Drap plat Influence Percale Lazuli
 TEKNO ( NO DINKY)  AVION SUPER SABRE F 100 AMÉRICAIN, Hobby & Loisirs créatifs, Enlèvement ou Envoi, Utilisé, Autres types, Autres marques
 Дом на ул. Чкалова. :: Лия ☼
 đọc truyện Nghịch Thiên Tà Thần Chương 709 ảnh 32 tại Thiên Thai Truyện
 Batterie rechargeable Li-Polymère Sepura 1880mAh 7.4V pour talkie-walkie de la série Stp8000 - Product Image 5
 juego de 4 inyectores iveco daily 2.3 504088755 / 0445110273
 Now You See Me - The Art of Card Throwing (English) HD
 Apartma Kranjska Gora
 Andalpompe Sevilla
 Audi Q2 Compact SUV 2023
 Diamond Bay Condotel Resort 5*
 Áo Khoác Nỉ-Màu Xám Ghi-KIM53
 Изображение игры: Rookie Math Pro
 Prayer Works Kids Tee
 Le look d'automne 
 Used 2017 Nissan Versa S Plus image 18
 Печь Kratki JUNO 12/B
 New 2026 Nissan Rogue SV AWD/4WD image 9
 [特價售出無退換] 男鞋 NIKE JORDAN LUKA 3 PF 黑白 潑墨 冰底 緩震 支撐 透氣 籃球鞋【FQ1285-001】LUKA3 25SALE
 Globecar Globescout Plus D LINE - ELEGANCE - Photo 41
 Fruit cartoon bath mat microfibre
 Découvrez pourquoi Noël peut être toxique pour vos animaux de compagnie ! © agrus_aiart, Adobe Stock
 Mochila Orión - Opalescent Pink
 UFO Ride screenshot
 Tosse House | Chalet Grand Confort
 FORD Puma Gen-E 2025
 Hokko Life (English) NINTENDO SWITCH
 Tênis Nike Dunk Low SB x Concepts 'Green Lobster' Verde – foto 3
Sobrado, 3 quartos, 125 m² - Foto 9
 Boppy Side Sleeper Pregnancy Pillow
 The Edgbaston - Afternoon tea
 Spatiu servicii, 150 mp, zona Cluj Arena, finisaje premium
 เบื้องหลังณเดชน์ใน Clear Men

++++

### [Assigned task]
Having read the entries, output all of them verbatim.

### [Solution for this task]
Drap plat Influence Percale Lazuli
 TEKNO ( NO DINKY)  AVION SUPER SABRE F 100 AMÉRICAIN, Hobby & Loisirs créatifs, Enlèvement ou Envoi, Utilisé, Autres types, Autres marques
 Дом на ул. Чкалова. :: Лия ☼
 đọc truyện Nghịch Thiên Tà Thần Chương 709 ảnh 32 tại Thiên Thai Truyện
 Batterie rechargeable Li-Polymère Sepura 1880mAh 7.4V pour talkie-walkie de la série Stp8000 - Product Image 5
 juego de 4 inyectores iveco daily 2.3 504088755 / 0445110273
 Now You See Me - The Art of Card Throwing (English) HD
 Apartma Kranjska Gora
 Andalpompe Sevilla
 Audi Q2 Compact SUV 2023
 Diamond Bay Condotel Resort 5*
 Áo Khoác Nỉ-Màu Xám Ghi-KIM53
 Изображение игры: Rookie Math Pro
 Prayer Works Kids Tee
 Le look d'automne 
 Used 2017 Nissan Versa S Plus image 18
 Печь Kratki JUNO 12/B
 New 2026 Nissan Rogue SV AWD/4WD image 9
 [特價售出無退換] 男鞋 NIKE JORDAN LUKA 3 PF 黑白 潑墨 冰底 緩震 支撐 透氣 籃球鞋【FQ1285-001】LUKA3 25SALE
 Globecar Globescout Plus D LINE - ELEGANCE - Photo 41
 Fruit cartoon bath mat microfibre
 Découvrez pourquoi Noël peut être toxique pour vos animaux de compagnie ! © agrus_aiart, Adobe Stock
 Mochila Orión - Opalescent Pink
 UFO Ride screenshot
 Tosse House | Chalet Grand Confort
 FORD Puma Gen-E 2025
 Hokko Life (English) NINTENDO SWITCH
 Tênis Nike Dunk Low SB x Concepts 'Green Lobster' Verde – foto 3
Sobrado, 3 quartos, 125 m² - Foto 9
 Boppy Side Sleeper Pregnancy Pillow
 The Edgbaston - Afternoon tea
 Spatiu servicii, 150 mp, zona Cluj Arena, finisaje premium
 เบื้องหลังณเดชน์ใน Clear Men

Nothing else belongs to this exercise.